### WHAT NEEDS TO BE DONE
Please give back an exact reproduction of the lines from the one with "Imagem 3: Casa" through the end of the entries below, and no others.

### ENTRIES SHOWN
Segment Open
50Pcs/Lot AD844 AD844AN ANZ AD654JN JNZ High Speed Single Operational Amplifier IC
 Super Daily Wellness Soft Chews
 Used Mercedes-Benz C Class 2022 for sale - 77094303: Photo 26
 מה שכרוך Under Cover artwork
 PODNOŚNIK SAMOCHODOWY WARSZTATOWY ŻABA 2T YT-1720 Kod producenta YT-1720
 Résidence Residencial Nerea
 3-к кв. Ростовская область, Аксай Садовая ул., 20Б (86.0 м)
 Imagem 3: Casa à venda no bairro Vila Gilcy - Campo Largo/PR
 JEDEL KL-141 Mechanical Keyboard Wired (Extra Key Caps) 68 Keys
Segment Closed
### EXPECTED ANSWER
 Imagem 3: Casa à venda no bairro Vila Gilcy - Campo Largo/PR
 JEDEL KL-141 Mechanical Keyboard Wired (Extra Key Caps) 68 Keys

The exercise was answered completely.